Now in this little drama, the stick and weight together represent a body of sorts, a skeleton.
The stick supports the weight against the constant pull of gravity—just like your skeleton.
The joint between them creates the potential for both movement and support, similar to the joints you have throughout your body.
You play the role of the muscles, holding the weight and keeping it oriented on top of the stick.
Your job is to prevent the weight from falling off the stick.
Now, if you placed the weight more or less centered over the stick, your job is easy.
Your muscular cost is minimal.
You might have it so well centered that you need only the tip of your finger to keep it balanced.
And if you wanted to move the weight, turning it left and right like a head scanning the horizon, you’ll find that, too, takes exceedingly little effort, as long as the stick stays centered under the weight while you do it.
But now, what happens if you slide the weight just a little bit off center of the stick?
Remember, your job remains the same: keep the weight oriented on the horizon, no sagging or dropping even a little bit.
What’s your experience like now? What’s your muscular cost now?
Did it go up or down?
Well, it’s more.
You may have to use your whole hand to steady it now.
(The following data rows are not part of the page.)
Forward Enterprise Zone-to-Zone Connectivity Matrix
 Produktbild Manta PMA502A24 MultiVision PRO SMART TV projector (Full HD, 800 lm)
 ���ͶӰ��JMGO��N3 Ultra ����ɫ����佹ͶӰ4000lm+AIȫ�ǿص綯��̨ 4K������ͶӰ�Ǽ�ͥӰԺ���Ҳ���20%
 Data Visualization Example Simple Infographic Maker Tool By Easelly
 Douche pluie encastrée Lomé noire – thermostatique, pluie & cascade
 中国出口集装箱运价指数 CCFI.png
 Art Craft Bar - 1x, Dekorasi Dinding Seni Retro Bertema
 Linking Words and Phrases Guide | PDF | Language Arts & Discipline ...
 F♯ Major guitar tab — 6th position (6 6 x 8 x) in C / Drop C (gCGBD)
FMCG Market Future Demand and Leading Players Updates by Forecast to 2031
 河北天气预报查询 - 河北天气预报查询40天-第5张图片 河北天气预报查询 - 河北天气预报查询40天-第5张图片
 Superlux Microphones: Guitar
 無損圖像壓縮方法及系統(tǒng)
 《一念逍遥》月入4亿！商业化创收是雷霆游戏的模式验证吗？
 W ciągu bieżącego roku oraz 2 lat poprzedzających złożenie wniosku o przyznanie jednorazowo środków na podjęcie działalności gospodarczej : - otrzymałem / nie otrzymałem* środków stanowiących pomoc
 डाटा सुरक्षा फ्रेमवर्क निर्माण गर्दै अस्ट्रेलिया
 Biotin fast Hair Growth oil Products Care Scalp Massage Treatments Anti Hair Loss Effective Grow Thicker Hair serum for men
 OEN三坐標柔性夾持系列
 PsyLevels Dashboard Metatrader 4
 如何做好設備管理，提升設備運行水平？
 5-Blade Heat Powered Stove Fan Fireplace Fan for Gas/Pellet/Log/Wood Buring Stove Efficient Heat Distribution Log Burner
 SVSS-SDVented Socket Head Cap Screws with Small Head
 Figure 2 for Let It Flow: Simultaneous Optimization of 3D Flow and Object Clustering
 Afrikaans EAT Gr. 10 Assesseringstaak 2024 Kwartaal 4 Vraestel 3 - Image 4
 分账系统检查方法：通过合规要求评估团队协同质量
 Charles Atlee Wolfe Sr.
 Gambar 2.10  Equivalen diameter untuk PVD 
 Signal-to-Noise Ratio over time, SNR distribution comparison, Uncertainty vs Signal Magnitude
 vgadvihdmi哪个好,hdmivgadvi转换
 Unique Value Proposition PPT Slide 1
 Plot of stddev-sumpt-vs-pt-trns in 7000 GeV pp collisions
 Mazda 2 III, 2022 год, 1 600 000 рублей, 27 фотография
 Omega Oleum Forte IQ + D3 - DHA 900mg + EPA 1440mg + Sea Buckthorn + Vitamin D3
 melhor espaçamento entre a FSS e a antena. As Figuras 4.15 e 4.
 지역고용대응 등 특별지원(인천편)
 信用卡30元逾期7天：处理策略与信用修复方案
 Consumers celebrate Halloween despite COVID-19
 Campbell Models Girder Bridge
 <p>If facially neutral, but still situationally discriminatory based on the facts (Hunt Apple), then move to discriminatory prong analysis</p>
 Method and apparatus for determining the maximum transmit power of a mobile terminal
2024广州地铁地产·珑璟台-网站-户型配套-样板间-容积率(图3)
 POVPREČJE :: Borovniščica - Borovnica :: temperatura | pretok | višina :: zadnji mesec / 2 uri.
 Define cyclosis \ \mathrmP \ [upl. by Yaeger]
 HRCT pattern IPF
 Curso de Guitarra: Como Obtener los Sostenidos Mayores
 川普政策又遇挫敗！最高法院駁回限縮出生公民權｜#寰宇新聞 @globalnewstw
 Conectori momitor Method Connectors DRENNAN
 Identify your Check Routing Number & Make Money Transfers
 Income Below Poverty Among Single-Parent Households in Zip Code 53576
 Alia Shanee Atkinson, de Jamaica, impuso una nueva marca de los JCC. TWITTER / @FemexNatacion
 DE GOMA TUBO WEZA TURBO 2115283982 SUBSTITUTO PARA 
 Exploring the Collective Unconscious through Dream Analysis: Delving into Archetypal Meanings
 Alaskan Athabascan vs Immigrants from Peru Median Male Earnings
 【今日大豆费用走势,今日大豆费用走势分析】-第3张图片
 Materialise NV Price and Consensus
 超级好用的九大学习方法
And your shoulder may be starting to fatigue.
Why?
Because the function of the stick, supporting the weight, has now been compromised by the weight being off center. The stick is still the stick, the weight is still the weight. But until their relationship is addressed, you must replace the superior strength of skeletal support with muscular compensation. Is there any way the stick can be off center and you do NOT do this? No.
No matter how strong you may be, or how relaxed you want to be, you must expend more muscular effort—because gravity doesn’t stop, and the job of maintaining orientation is primary.
And the further off center the weight sits, the more effort you have to expend to do the same job.
This defines inefficiency, no?
But it gets worse.
Because now, if you want to move that weight—turning it left and right as you did before—any effort to move it is added to the compensatory effort you’re already spending to keep the weight from falling.
That work does not go away.
Because muscular compensation for poor skeletal support always supersedes muscular effort for movement.
And if you don’t know about that little rule, you get tired real fast.
Or sore, or you get pain. Things get expensive.
Finally, go ahead and restore the weight over the center of the stick.
Feel your burden lift.
That’s due to the accuracy, the specificity of the support.
Take a moment and appreciate the relief, both physical and psychological, you experience.
The dignity of the stick and the weight have been restored.
Turn the weight left and right again. Feel how simple that is, with the proper support in place.
Here ends our little experiment.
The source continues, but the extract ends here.